Oleh : Mira Susilawati (Mahasiswi IAIN Samarinda)
Kita ketahui akhir-akhir ini banyak aksi demonstrasi atau unjuk rasa dihampir seluruh wilayah Indonesia. Demonstrasi terkait pengesahan undang-undang cipta kerja atau dikenal dengan Omnibus Law.
Indonesia adalah negara demokrasi, yang dimana warga negaranya memiliki hak yang setara. Berperan aktif dalam melakukan pengawasan terhadap produk produk hukum yang dibuat oleh Negara, baik itu DPR maupun Presiden.
Negara yang menganut sistem demokrasi, tidak akan asing dengan adanya istilah demonstrasi atau unjuk rasa. Demonstrasi merupakan salah satu cara rakyat untuk menyuarakan pemikiran atau aspirasi mereka secara bebas di muka umum kepada pemerintah. Demonstrasi sah dilakukan apabila sudah sesuai dengan ketentuan yang berlaku.

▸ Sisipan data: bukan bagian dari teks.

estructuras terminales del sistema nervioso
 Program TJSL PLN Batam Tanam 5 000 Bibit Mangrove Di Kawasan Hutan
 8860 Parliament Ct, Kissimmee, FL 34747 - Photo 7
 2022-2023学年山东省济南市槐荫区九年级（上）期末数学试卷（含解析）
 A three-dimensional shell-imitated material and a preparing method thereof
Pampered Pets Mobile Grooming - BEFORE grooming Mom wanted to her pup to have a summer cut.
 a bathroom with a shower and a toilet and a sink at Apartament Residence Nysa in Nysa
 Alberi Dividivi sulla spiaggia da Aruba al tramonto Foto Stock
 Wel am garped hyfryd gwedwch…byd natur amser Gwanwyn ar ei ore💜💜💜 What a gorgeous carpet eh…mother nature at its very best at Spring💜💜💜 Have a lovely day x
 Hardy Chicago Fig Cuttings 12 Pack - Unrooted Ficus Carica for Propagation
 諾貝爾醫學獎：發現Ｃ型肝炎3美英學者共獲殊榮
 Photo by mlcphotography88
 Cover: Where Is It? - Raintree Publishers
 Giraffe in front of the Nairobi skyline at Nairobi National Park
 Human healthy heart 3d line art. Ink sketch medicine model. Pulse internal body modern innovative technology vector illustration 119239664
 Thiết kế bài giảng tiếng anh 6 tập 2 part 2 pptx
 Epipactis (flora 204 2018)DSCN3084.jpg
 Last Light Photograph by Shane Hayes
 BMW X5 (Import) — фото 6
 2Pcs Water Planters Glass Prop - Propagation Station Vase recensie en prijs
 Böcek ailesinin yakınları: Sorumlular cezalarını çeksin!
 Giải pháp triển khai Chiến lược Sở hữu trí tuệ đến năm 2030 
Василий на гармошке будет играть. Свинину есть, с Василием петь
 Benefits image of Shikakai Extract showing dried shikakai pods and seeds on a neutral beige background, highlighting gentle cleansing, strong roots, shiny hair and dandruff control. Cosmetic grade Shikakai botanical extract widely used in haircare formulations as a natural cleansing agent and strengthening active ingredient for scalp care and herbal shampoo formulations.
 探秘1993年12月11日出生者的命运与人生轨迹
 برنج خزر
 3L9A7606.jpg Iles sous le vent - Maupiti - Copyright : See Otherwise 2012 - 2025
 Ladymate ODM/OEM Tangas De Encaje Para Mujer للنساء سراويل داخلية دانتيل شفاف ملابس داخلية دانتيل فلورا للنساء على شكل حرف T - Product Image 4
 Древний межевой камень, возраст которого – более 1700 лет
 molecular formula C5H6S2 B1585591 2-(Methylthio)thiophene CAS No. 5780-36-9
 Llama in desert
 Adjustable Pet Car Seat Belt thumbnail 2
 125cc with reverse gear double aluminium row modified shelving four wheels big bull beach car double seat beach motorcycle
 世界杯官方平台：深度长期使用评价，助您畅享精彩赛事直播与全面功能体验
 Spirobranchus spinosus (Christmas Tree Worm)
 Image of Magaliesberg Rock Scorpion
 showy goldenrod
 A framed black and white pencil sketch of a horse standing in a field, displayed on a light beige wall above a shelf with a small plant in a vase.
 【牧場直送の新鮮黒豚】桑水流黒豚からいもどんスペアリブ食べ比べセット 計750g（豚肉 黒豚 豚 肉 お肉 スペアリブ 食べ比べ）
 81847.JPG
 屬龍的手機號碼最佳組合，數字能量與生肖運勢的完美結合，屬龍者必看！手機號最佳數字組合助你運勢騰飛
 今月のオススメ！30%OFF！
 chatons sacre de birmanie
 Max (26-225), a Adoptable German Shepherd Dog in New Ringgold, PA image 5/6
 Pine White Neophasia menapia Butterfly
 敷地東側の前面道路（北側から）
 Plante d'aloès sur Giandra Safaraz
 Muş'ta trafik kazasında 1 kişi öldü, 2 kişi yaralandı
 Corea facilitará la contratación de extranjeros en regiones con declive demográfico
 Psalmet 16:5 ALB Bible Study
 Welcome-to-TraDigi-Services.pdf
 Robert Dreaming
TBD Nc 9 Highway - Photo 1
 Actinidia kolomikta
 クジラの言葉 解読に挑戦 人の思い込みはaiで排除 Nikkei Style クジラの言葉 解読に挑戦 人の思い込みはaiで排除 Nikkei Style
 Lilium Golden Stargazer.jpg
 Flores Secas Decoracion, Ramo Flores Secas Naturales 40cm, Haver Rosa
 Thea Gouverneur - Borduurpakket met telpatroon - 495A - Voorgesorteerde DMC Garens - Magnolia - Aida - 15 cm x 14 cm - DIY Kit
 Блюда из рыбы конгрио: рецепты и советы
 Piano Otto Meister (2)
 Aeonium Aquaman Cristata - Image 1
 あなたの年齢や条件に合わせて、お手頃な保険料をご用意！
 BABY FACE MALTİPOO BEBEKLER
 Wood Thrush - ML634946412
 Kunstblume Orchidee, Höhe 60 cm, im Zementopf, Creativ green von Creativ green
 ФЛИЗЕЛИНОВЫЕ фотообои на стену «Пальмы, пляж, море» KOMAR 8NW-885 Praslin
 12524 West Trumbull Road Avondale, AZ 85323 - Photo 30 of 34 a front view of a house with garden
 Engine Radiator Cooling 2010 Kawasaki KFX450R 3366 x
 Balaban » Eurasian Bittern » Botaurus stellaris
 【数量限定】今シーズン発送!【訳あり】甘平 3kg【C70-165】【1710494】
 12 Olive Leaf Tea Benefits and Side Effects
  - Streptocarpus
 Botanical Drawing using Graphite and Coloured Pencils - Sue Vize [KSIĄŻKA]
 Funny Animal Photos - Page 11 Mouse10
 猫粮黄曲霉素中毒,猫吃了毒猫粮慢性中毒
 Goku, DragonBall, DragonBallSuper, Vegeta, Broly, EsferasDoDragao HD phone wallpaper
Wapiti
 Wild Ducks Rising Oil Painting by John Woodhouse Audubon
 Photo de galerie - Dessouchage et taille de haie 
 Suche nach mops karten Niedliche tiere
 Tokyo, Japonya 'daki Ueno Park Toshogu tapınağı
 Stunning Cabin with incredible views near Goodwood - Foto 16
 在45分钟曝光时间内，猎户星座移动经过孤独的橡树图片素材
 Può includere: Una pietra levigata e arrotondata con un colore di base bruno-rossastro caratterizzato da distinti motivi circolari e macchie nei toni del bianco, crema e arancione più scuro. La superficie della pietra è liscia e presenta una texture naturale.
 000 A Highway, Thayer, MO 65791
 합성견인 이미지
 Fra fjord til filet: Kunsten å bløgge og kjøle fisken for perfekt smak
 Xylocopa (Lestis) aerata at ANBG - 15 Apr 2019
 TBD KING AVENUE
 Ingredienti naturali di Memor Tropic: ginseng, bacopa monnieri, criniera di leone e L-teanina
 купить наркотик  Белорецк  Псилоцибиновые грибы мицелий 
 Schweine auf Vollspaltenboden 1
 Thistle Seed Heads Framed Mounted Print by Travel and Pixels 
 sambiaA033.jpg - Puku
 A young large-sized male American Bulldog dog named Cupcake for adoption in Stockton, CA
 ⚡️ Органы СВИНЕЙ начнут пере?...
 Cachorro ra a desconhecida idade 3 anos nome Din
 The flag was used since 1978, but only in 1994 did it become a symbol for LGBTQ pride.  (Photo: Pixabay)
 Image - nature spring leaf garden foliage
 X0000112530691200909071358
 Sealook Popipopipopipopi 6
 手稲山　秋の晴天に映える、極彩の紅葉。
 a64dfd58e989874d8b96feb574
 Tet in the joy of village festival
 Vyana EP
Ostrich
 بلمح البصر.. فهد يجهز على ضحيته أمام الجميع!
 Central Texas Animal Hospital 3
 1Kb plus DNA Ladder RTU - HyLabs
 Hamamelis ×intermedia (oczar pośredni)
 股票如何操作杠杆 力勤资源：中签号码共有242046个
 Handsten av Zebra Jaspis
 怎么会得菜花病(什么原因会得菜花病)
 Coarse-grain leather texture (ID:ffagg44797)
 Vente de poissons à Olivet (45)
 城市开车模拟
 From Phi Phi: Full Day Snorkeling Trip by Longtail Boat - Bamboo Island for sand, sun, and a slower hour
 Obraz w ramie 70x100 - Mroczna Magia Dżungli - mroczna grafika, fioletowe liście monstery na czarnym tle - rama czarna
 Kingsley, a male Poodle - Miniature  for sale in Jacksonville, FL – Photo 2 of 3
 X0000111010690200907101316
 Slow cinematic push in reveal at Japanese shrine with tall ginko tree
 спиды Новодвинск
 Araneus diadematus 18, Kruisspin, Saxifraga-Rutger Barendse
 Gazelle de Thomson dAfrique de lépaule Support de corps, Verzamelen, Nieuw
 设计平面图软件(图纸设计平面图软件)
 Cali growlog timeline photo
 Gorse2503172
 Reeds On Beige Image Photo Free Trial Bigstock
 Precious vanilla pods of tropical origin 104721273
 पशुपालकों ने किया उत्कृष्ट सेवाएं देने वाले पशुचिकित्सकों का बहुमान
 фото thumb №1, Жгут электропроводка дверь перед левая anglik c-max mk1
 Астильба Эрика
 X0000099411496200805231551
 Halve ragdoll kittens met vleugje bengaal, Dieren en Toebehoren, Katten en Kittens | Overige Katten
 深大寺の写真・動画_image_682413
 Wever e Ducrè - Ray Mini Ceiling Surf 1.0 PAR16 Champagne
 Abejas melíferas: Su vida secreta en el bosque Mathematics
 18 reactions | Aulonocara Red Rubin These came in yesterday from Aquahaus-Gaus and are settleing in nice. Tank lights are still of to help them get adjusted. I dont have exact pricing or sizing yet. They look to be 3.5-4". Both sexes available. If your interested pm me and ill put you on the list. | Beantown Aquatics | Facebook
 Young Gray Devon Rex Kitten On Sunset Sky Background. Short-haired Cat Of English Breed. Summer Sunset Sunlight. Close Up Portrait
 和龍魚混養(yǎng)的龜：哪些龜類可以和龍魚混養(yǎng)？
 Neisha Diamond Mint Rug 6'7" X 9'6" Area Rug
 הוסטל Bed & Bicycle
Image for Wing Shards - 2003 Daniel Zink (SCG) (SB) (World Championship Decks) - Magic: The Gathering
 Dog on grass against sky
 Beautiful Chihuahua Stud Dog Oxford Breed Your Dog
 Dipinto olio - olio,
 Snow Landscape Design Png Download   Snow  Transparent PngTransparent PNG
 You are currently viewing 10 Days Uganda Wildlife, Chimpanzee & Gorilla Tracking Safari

Kebebasan rakyat dalam menyampaikan pendapat telah tertuang dalam Undang-undang Dasar 1945 pasal 28 yang berisi “Kemerdekaan berserikat dan berkumpul, mengeluarkan pikiran dengan lisan dan tulisan dan sebagainya ditetapkan dengan Undang-Undang”. Pasal ini menyatakan bahwa warga negara memiliki hak untuk menyampaikan pendapat maupun aspirasi melalui unjuk rasa atau demonstrasi, pawai, rapat umum dan mimbar bebas.
Dalam Deklarasi Universal Hak Asasi Manusia pasal 9 juga tertulis “Setiap orang berhak atas kebebasan mempunyai pendapat dengan tidak mendapat gangguan dan untuk mencari, menerima dan menyampaikan keterangan dan pendapat dengan cara apapun juga dengan tidak memandang batas-batas”.
Salah satu diantara banyaknya alasan terjadinya demonstrasi adalah, karena rakyat merasa adanya ketidakjelasan atau ketidakadilan yang terjadi didalam pemerintahan yang dinilai merugikan rakyat. Namun aksi demonstrasi ini justru identik dengan anarkis, ricuh dan tawuran antar demonstran dengan aparat hukum.
Aksi demonstrasi yang seharusnya menjadi tempat menyampaikan aspirasi, berubah menjadi medan tempur yang akhirnya banyak membuat pihak-pihak dirugikan, mulai dari berupa harta, kerusakan, ketidaknyamanan bahkan sampai nyawa. Tak jarang banyak orang tua yang melarang anaknya untuk ikut aksi, karena demonstrasi yang mereka maknai hanya berisi kekerasan seakan-akan anaknya akan terjun ke dalam medan pertempuran.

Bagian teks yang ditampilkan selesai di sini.